Researchers have developed an artificial intelligence model that predicts an individual woman's risk of suffering adverse outcomes of preeclampsia.
Preeclampsia is a pregnancy complication that involves persistent high blood pressure and signs of liver or kidney damage. The condition affects between 5% and 7% of pregnancies and is one of the leading causes of maternal death globally.
Despite its wide prevalence, currently, no tests can predict the future onset of preeclampsia early in pregnancy. The complication is treated once it has been diagnosed, which is insufficient and costly.
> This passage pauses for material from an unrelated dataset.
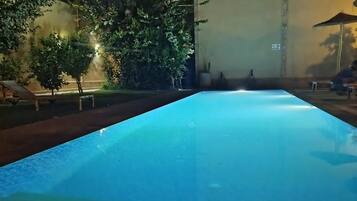 A swimming pool at night with surrounding trees and a building.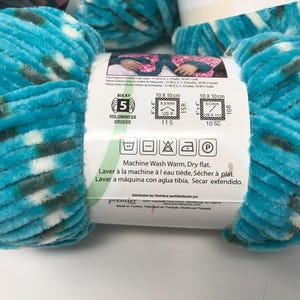 May include: A skein of bulky weight 5 chenille yarn in a variegated pattern of turquoise, dark green, and white. The white paper label features care instructions, a 10 cm by 10 cm gauge swatch guide, and the text Machine Wash Warm, Dry flat.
This may change soon, thanks to the researchers from the University of Strathclyde in Glasgow and King's College London, who have developed a new machine learning model that can accurately predict the level of risk of severe outcomes in women with preeclampsia. The findings on the model's effectiveness were published in The Lancet Digital Health.
"The model we have developed has been rigorously tested and shown to deliver fast, precise predictions of the risks, in a way which can be adapted to the individual circumstances of women around the world," said Dr. Kimberley Kavanagh, senior lecturer in Strathclyde's Department of Mathematics and Statistics and a co-author of the paper.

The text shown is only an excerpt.